In 2011 and 2012, the parole board did not hold any hearings on all 434 commutation applications it received and forwarded them to the governor with unfavorable ratings.
Kasich is more likely to grant pardons to women than men: 26 successful clemency applicants are women, even though women represent a smaller portion of offenders.
On Death Row, he commuted the death sentence to life without parole for four inmates.
The Ohio Constitution authorizes the governor to issue commutations or pardons. A commutation lessens the punishment for a crime and a pardon wipes it off the offender’s record.
In the Miami Valley, Kasich denied 88 applications, has yet to decide 32 applications and granted one pardon to Eric Sharps in a 1996 theft case in Greene County.
Kasich denied clemency to two Death Row inmates within the first two months of taking office and then began deciding more routine applications shortly after that, the records show. Since then, he has decided cases nearly every month during his governorship.
During his four years as governor from 2007 to 2011, Democrat Ted Strickland granted 160 clemency requests, or 22.9 percent of the 849 applications decided. Strickland decided one batch in November 2009 and the remainder on his last week on the job.

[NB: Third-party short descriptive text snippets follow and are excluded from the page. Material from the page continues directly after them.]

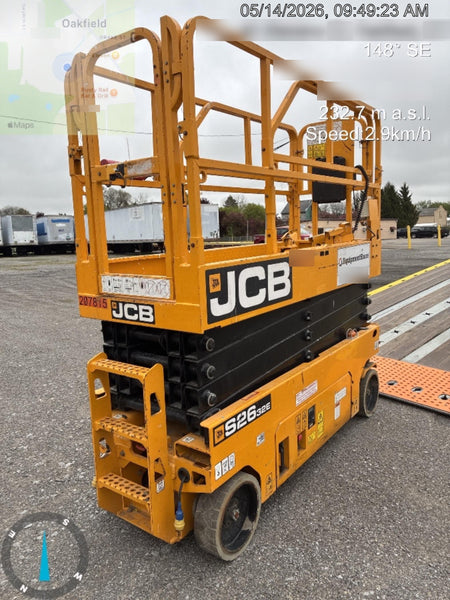 2022 JCB S2632E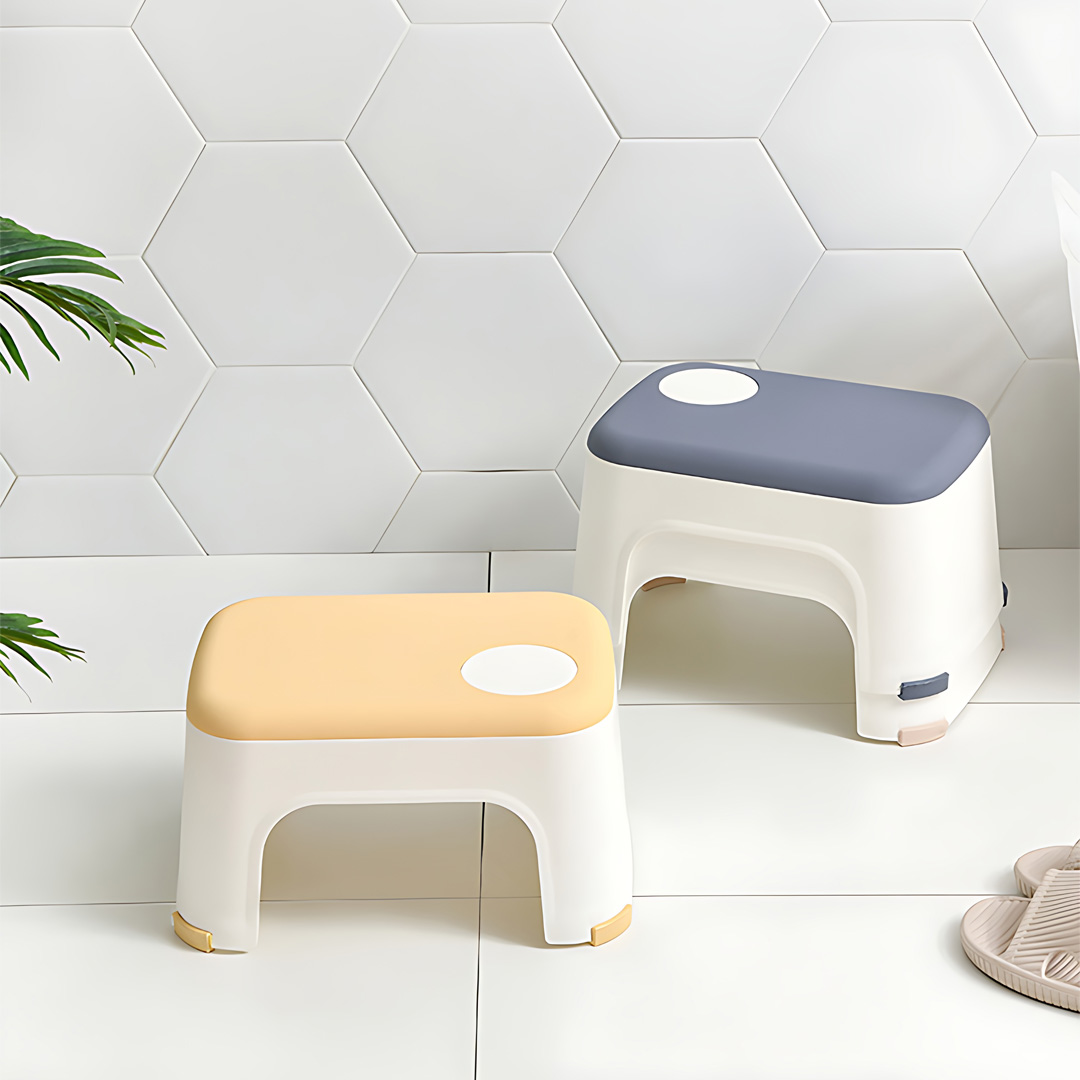 집똑똑이 미끄럼방지 디자인 욕실 의자, 네이비 11,800원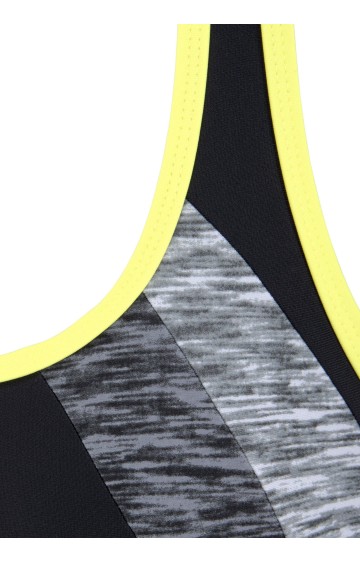 Vientisas VENICE BEACH maudymosi kostiumėlis su formavimo efektu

“Ted didn’t rule on any clemency applications for two-and-a-half years and it really gummed up the system,” said attorney Barry Wilford, who represents clients in clemency and parole cases. “When they hold them back, the whole system gets constipated.”
During his eight years as governor, Republican Bob Taft granted 77 clemency requests, or 5.7 percent of the 1,355 applications received and processed.
And in his final days in office in 1991, Democrat Richard Celeste sparked headlines when he commuted the sentences of eight Death Row inmates to life without parole and granted pardons for 25 women who blamed their crimes on battered women syndrome.